Which? is warning that consumers will be left vulnerable to rip offs and scams due to ill-conceived and under-resourced changes announced by the government today.
Consumer minister Norman Lamb announced proposals that will abolish the consumer energy watchdog, Consumer Focus.
The move will pile more pressure on already over-stretched and under-resourced local trading standards officers and the Citizens Advice service.
Which? chief executive, Peter Vicary-Smith, said the government’s plans look set to ‘vandalise a system of consumer protection that is admired worldwide at a time when people most need protection.’
The changes are part of the government’s Consumer Landscape Review.
Local offices take on national issues
Local trading standards officers, who typically tackle street markets and rogue plumbers, will be required to do the majority of consumer law enforcement work.
Trading standards will now be expected to take on powerful national and international companies.
This will put considerable extra strain on local authority trading standards services at a time when councils are slashing their budgets and officers are being made redundant across the country.
Mr Vicary-Smith said: ‘The government knows that failing to enforce consumer law already costs the British public over £6bn a year but they seem determined to abandon consumers to increasingly sophisticated rip offs despite the harm this does to the economy.’
Law enforcement by committee
This chaotic and costly reorganisation will see the Office of Fair Trading (OFT) downgraded and merged with the Competition Commission.

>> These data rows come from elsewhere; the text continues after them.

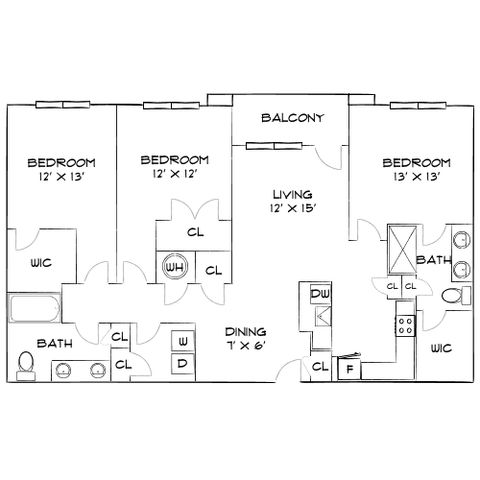 Chic floor plan showcasing 3 spacious bedrooms, a modern living area, open dining space, two bathrooms, and a private balcony.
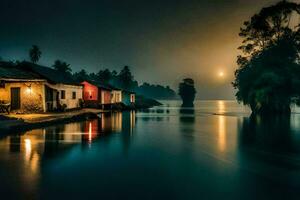 a moonlit night scene with houses on the shore. AI-Generated photo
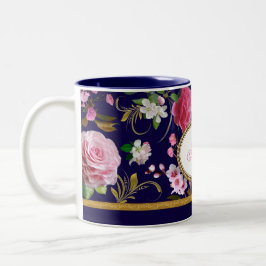 Monogramm-rosa Blumen Zweifarbige Tasse
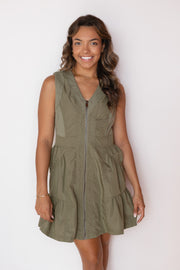 TIERED ATHLETIC ZIPPER DRESS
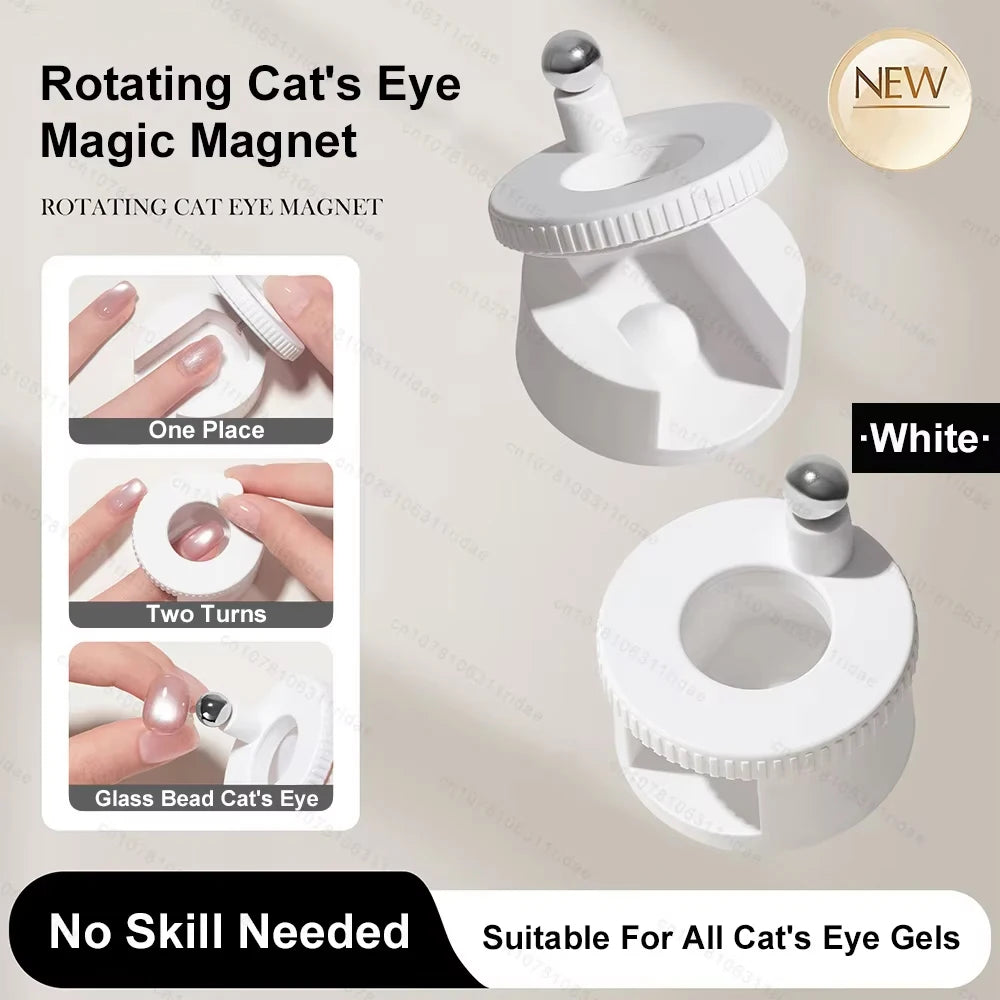 Rotating Cat Eye Nail Magnet Wide Light Glass Bead Effect Multifunctional Strong Automatic Nail Art Magnetic for Gel Nail Polish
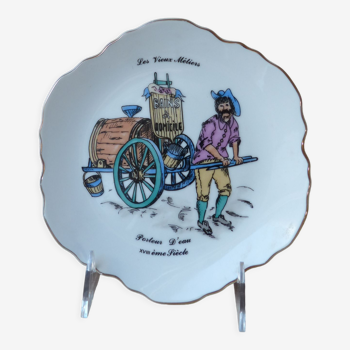 Plate decoration the old trades carrying water in the eighteenth century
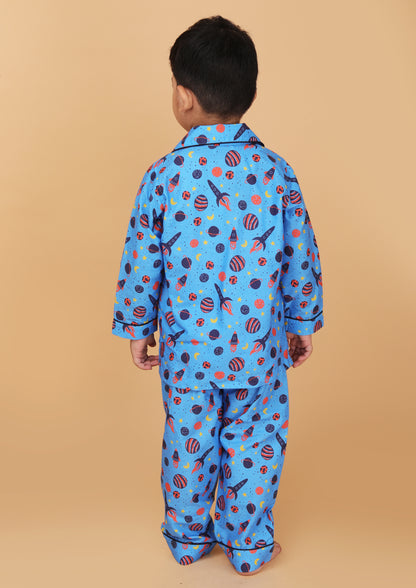 PJ Space travel Bright  Blue  Pajama Set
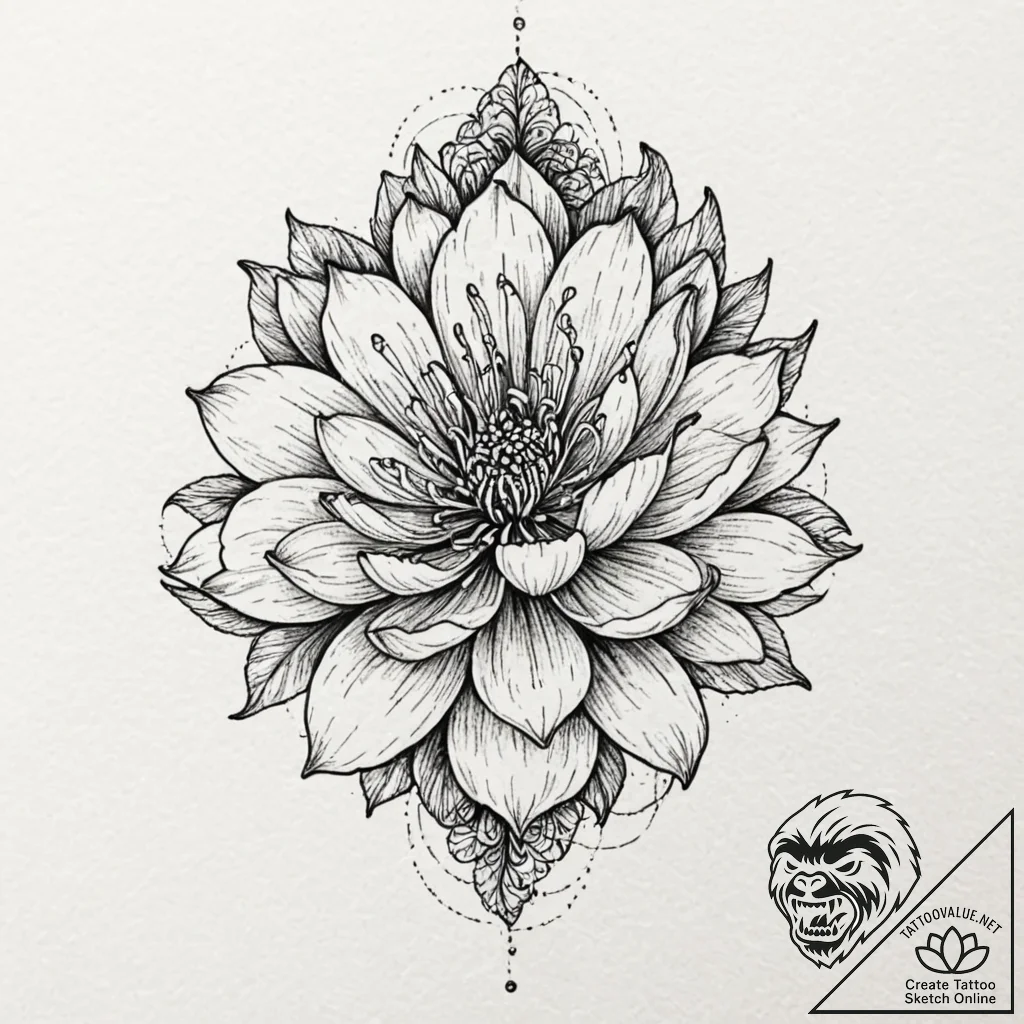 Feathered bloom blooming in shadows, ink illu... - tattoo sketch (№1753301611_0, 23.07.2025 20:13) — tattoovalue.net
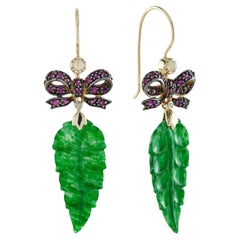 Carved Jade Leaf and Ruby Bow Edwardian Style Drop Earrings in 9K Gold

The government claims that the new quango, the National Trading Standards Board, is to receive ‘increased funding of £10.5m’ for its work. However, this money is simply redirected current OFT enforcement money.
Mr Vicary-Smith said the government ‘seem intent on wasting millions of taxpayer pounds restructuring quangos and piling pressure on those who are already overstretched on the frontline.’
He added: ‘Giving OFT responsibilities to local trading standards officers and the Citizens Advice is like asking GPs to carry out heart surgery.’
Consumers exposed to rip offs and scams
The National Audit Office report found that enforcement spending is set to fall from the current £247m, to around £140 by 2014.
The government-funded watchdog, Consumer Focus, is also to be scrapped and its work challenging the government, powerful regulators like Ofgem and big businesses on behalf of consumers, will be handed over to the Citizens Advice.
Citizens Advice is already struggling to cope with the growing numbers of people seeking help on welfare benefits, housing and immigration problems.
Mr Vicary-Smith said: ‘The new consumer minister, Norman Lamb, has clearly been sold some dodgy advice himself. Rather than focusing on costly reorganisations, we want to see real action to show the Minister is taking his new role of protecting the nation’s consumers seriously.’